Schwierigkeit: Mittel · Dauer: 45–90 Min · Ziel: WireGuard Site-to-Site mit OPNsense und Linux: Routing ohne Chaos
Kurzproblem und Zielbild
In diesem Guide setzt du WireGuard Site-to-Site mit OPNsense und Linux: Routing ohne Chaos mit reproduzierbaren Schritten, klaren Checks und belastbaren Recovery-Pfaden um.
Voraussetzungen
- Linux-/CLI-Grundlagen
- Admin-Zugriff auf die Zielsysteme
- Snapshot/Backup vor Änderungen
Schnellstart (funktionierende Basis)
hostnamectl
ip a
systemctl --failed
journalctl -p 3 -xb --no-pager | tail -n 30
Schritt-für-Schritt Umsetzung
1) Ausgangszustand dokumentieren
date -Iseconds
uname -a
# aktuelle Versionen und relevante Konfig-Pfade notieren
2) Kernkonfiguration sauber setzen
wg show
ip route
ss -lunp | grep 51820
3) Dienst/Funktion gezielt prüfen
ping -c 3 REMOTE_SUBNET_HOST
traceroute REMOTE_SUBNET_HOST
wg show
4) Betriebsgrenzen testen
# Gezielten Failover-/Negativtest ausführen
# Reaktionszeit und Fehlerbild protokollieren
# Danach Service normalisieren und Zustand erneut verifizieren
Validierung / Checks
ping -c 3 REMOTE_SUBNET_HOST
traceroute REMOTE_SUBNET_HOST
wg show
# End-to-End Test mit klaren Sollwerten durchführen und Ergebnis dokumentieren
Troubleshooting
Konfiguration wird nicht übernommen
Ursache: Syntax-/Reload-Fehler oder falscher Parameterpfad.

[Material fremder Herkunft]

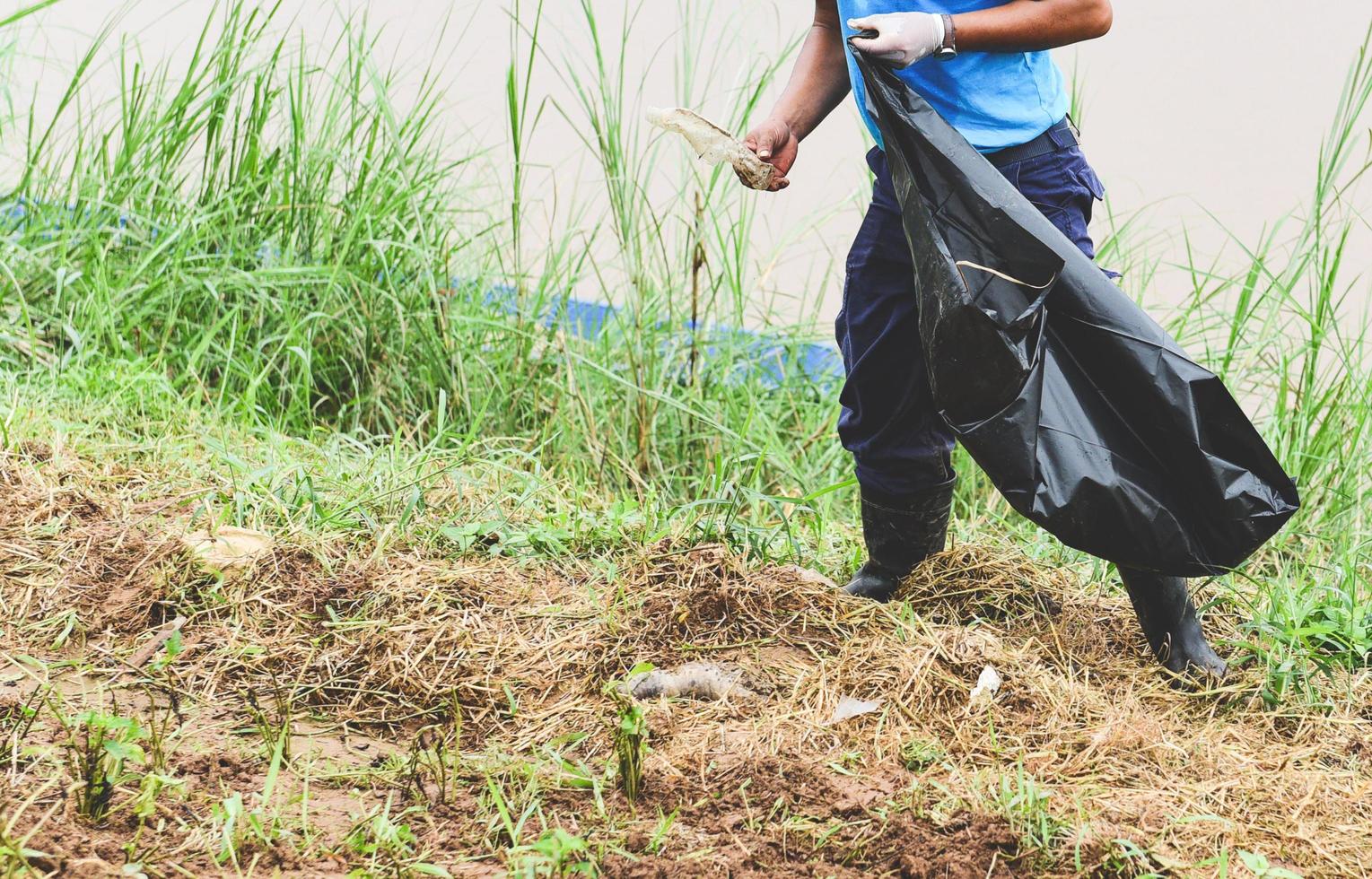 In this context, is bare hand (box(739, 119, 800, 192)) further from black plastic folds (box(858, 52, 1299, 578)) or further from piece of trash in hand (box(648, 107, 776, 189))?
black plastic folds (box(858, 52, 1299, 578))

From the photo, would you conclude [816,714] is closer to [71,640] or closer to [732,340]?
[71,640]

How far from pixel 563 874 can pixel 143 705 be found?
86 centimetres

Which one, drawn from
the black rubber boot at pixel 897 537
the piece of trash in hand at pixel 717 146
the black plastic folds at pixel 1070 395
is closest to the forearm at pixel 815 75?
the piece of trash in hand at pixel 717 146

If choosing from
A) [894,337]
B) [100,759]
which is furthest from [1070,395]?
[100,759]

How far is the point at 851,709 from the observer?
2.02 metres

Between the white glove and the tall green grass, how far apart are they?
131cm

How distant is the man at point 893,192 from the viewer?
6.72ft

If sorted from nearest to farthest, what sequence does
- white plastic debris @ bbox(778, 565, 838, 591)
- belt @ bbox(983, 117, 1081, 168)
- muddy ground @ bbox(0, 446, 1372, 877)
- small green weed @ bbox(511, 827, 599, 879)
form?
small green weed @ bbox(511, 827, 599, 879), muddy ground @ bbox(0, 446, 1372, 877), belt @ bbox(983, 117, 1081, 168), white plastic debris @ bbox(778, 565, 838, 591)

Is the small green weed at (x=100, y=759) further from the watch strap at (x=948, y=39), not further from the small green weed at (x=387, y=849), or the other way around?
the watch strap at (x=948, y=39)

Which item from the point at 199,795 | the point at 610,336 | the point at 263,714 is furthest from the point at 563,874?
the point at 610,336

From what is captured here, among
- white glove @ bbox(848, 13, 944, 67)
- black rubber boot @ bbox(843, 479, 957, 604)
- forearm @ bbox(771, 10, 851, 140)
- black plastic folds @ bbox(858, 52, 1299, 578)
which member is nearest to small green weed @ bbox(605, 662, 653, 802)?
black plastic folds @ bbox(858, 52, 1299, 578)

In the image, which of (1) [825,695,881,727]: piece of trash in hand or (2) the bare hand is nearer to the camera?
(1) [825,695,881,727]: piece of trash in hand

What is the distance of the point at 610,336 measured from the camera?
12.2 ft

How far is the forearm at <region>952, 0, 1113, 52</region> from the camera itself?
2.04 meters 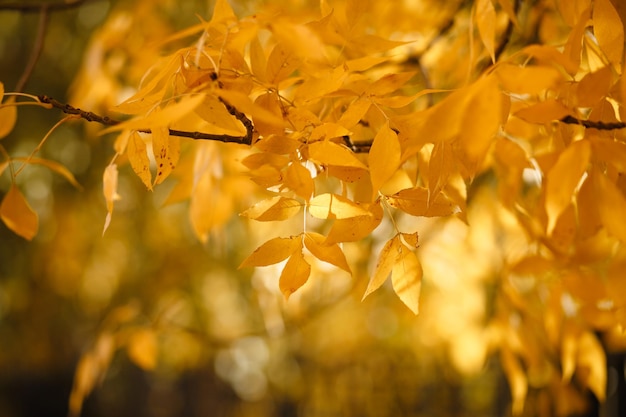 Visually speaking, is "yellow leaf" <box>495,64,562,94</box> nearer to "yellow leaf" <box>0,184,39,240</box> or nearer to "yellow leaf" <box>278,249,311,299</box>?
"yellow leaf" <box>278,249,311,299</box>

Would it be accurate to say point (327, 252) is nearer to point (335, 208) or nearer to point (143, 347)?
point (335, 208)

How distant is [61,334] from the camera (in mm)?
4188

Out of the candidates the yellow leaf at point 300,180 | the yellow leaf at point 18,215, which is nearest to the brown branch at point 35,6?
the yellow leaf at point 18,215

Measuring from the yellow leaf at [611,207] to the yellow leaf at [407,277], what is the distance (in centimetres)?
15

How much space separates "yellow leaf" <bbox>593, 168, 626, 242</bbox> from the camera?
35cm

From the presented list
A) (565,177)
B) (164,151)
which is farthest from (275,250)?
(565,177)

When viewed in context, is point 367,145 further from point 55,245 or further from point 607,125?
point 55,245

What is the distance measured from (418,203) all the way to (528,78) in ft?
0.48

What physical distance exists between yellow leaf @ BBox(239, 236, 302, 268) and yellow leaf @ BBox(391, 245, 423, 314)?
0.29 feet

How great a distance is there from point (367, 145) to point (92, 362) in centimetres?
92

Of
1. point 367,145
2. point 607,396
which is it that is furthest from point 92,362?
point 607,396

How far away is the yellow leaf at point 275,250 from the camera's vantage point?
1.46 feet

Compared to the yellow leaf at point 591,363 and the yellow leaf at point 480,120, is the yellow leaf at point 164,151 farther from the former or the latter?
the yellow leaf at point 591,363

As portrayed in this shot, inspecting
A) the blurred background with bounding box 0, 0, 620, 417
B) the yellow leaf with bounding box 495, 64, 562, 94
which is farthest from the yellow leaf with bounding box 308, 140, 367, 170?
the blurred background with bounding box 0, 0, 620, 417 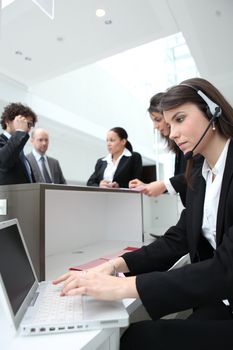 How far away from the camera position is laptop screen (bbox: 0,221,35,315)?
0.59m

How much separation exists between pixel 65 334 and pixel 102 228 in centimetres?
134

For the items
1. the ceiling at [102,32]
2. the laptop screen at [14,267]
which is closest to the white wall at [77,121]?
the ceiling at [102,32]

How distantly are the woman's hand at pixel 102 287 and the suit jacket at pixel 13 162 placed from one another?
3.46 feet

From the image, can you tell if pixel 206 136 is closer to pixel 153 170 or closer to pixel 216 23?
pixel 216 23

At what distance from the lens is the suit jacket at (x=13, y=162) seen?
1.50 meters

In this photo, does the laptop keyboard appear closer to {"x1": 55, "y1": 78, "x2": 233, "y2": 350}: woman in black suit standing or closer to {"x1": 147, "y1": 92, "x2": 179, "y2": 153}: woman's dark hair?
{"x1": 55, "y1": 78, "x2": 233, "y2": 350}: woman in black suit standing

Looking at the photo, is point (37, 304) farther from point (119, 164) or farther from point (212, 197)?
point (119, 164)

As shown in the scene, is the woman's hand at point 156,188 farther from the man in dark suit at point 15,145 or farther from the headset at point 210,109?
the man in dark suit at point 15,145

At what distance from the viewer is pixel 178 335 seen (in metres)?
0.67

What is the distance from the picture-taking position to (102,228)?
188cm

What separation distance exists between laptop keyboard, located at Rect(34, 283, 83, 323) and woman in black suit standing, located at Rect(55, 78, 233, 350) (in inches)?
1.5

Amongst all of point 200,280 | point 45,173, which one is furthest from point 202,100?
point 45,173

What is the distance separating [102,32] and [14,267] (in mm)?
3180

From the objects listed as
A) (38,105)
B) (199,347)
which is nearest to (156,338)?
(199,347)
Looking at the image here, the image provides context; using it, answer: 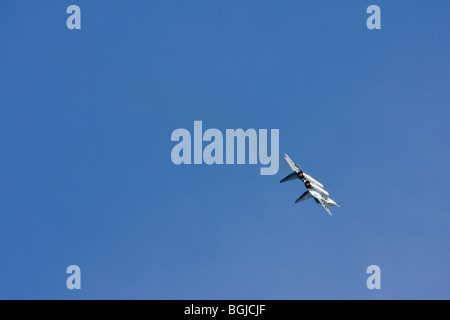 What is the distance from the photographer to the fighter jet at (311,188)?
99994 millimetres

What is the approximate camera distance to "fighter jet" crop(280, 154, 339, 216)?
9999 centimetres

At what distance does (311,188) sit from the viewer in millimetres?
101938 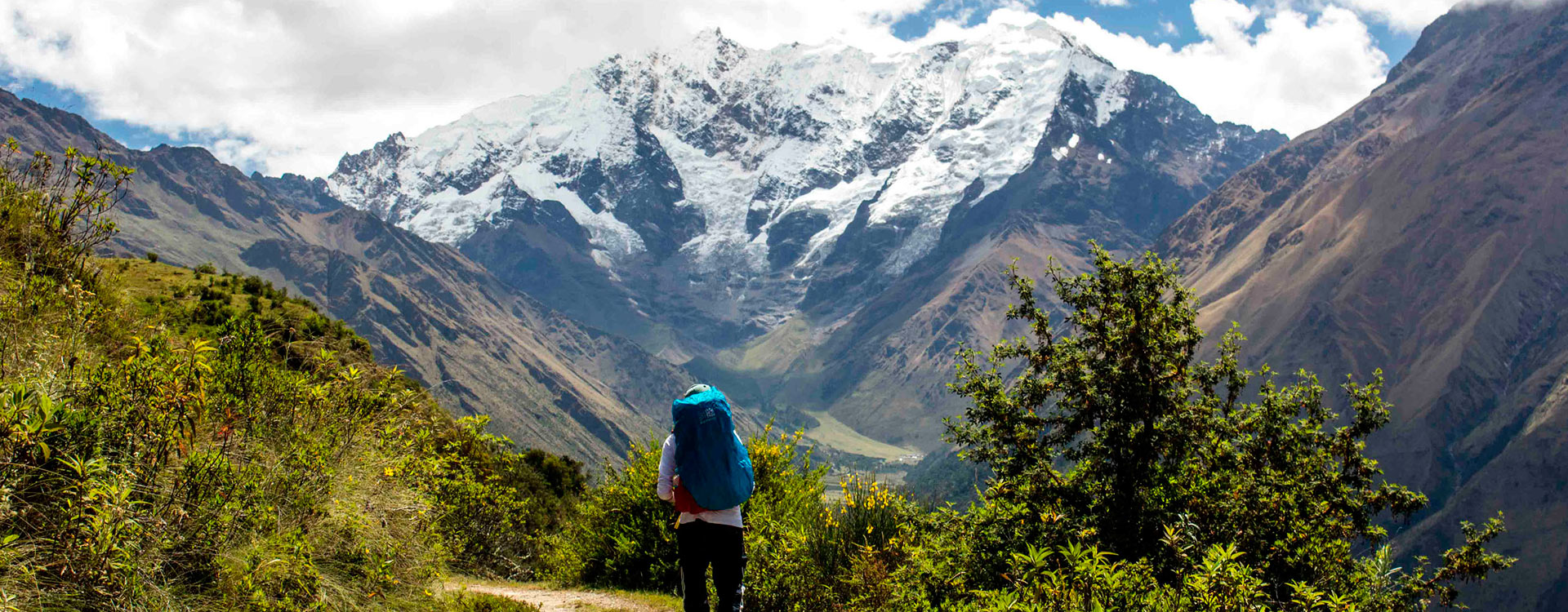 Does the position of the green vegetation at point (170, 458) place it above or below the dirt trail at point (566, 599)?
above

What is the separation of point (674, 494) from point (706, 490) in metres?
0.46

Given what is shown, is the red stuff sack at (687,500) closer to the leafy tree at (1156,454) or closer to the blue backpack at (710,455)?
the blue backpack at (710,455)

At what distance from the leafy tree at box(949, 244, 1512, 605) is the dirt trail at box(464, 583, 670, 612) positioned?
5.04 meters

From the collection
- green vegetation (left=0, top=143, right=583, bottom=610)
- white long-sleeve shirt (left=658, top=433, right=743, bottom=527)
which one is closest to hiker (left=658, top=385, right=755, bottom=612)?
white long-sleeve shirt (left=658, top=433, right=743, bottom=527)

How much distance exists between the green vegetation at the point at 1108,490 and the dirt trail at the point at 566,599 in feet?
4.09

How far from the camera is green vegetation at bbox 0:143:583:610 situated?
6.88 m

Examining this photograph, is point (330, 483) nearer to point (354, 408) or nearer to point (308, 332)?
point (354, 408)

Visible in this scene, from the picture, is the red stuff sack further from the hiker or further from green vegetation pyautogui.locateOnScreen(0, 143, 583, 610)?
green vegetation pyautogui.locateOnScreen(0, 143, 583, 610)

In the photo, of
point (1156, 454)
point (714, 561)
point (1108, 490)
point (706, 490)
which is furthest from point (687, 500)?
point (1156, 454)

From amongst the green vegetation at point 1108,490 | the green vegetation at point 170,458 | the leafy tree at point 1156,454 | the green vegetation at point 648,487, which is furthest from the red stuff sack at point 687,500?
the leafy tree at point 1156,454

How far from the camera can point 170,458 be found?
8.01 meters

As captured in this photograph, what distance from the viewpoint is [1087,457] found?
1316 centimetres

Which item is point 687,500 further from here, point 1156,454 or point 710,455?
point 1156,454

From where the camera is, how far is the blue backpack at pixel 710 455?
949 centimetres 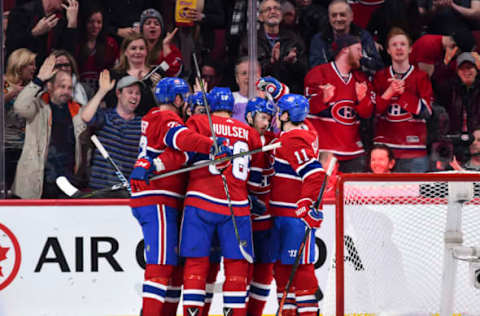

journalctl -n 120 --no-pager
# betroffenen Dienst gezielt reload/restarten
# Konfigurationsdatei auf Syntax prüfen
Dienst läuft, Funktion aber fehlerhaft
Ursache: Abhängigkeiten, Routing, Rechte oder Versionen inkonsistent.
ip a
ip route
ss -tulpn
# Berechtigungen und Abhängigkeiten gegenprüfen
Fazit
Mit einem klaren Ablauf, harten Checks und dokumentierten Grenzwerten bleibt das Setup wartbar statt zufällig stabil. Nächster Schritt: den Ablauf als monatliche Betriebsroutine einplanen.